Geoffrey Yeap, Qualcomm’s vice president of technology, sounds off on 28nm, finFETs, Intel’s position in the foundry race, and the future of 2.5D and 3D-ICs.
Semiconductor Engineering sat down to discuss current and future process technology challenges with Geoffrey Yeap, vice president of technology at Qualcomm.
SE: You have pointed out there is a fundamental shift taking place at the 28nm logic node. This is the first node in which mobile chips have been ramped up first within the foundries, ahead of computing-based ICs. Many believe that 28nm will be a long running node. Do you agree?
Yeap: Yes. Just look at the cost. A very good example is 28LP technology, yielding the lowest die price due to its low process/bump cost. At 28nm, you have at least two or three flavors. You have POLY/SiON, which can supposedly enable devices up to 1.9-GHz.

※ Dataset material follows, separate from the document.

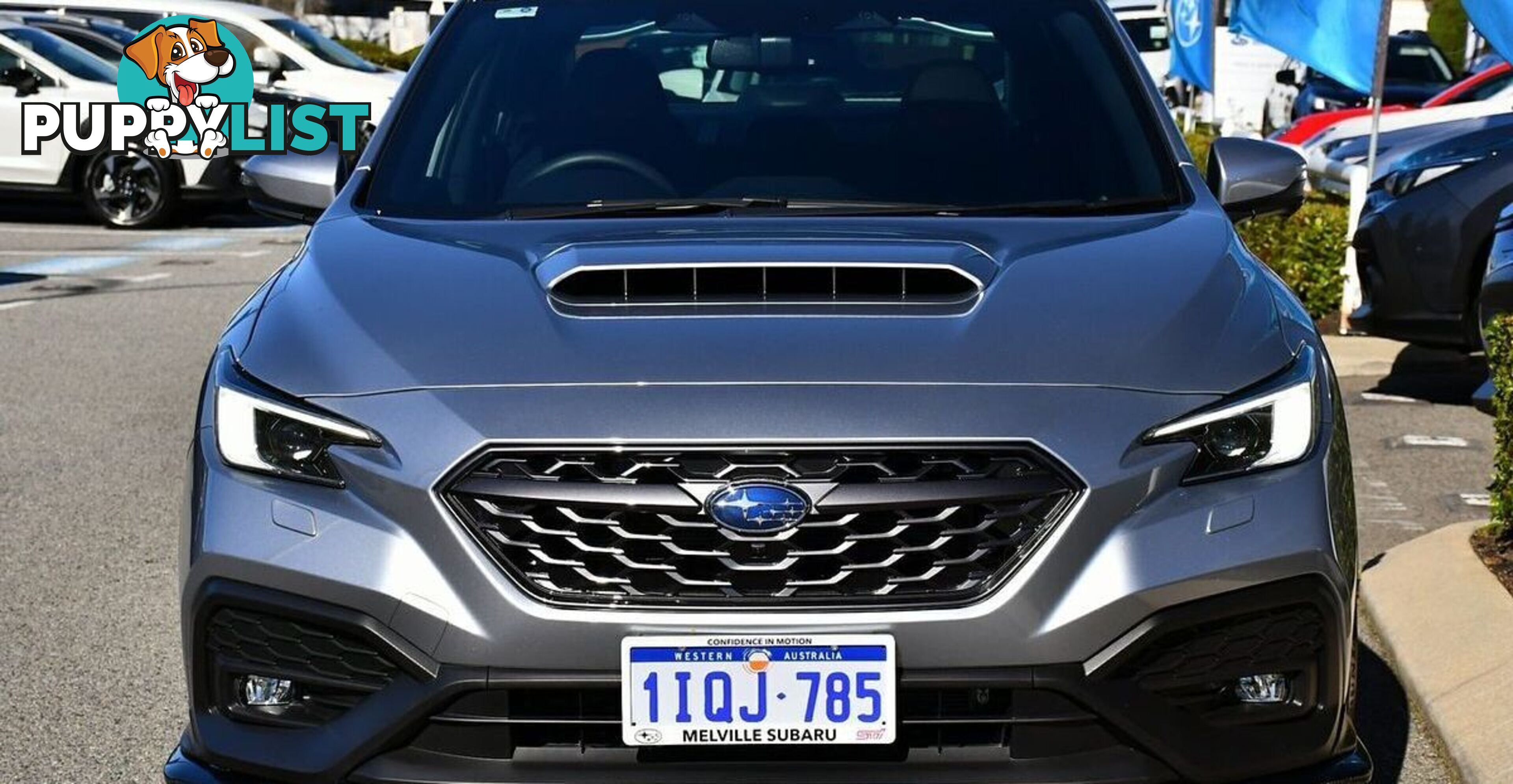 2024 SUBARU WRX TS VB SEDAN
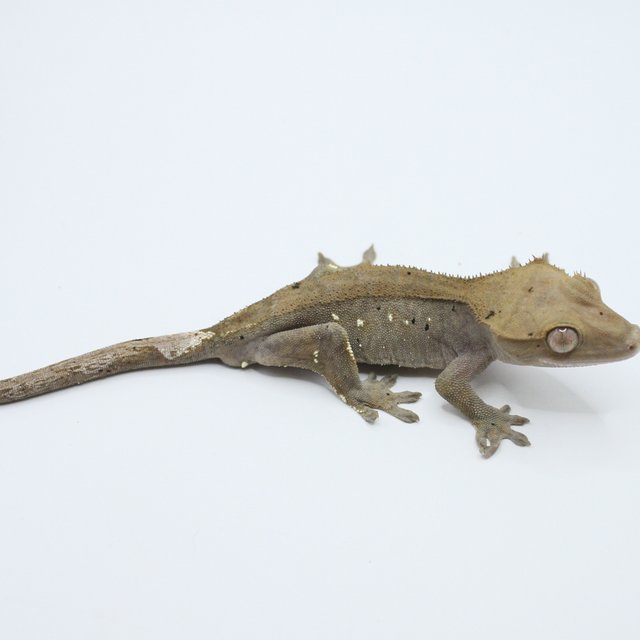 세이블 100%헷아잔틱 달마시안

Let’s say the low-cost mobile SoC market three years from now needs to be more than 2-GHz. POLY/SiON may be able to handle that. Then, you have HPM (high-performance mobile) process technology. HPM may be the next mainstream technology at the 28nm node, depending on the cut-off of the CPU frequency requirement.
SE: Have you made the transition from polysilicon to high-k/metal-gate at 28nm?
Yeap: Absolutely. Right now, high-k is actually at the high-end. Take (Samsung’s) Galaxy Note 3. That’s the one that goes with Samsung’s Galaxy Gear watch. The Galaxy Note 3 is using a high-k/metal-gate device operating at 2.3-GHz. We also just announced the Snapdragon 805. That’s also based on 28nm high-k/metal-gate. That one will go up to 2.5-GHz with even better graphics.
SE: The 20nm planar node has taken some criticism. It’s unclear if 20nm planar technology maintains the traditional cost-per-transistor reduction curve. What about 20nm?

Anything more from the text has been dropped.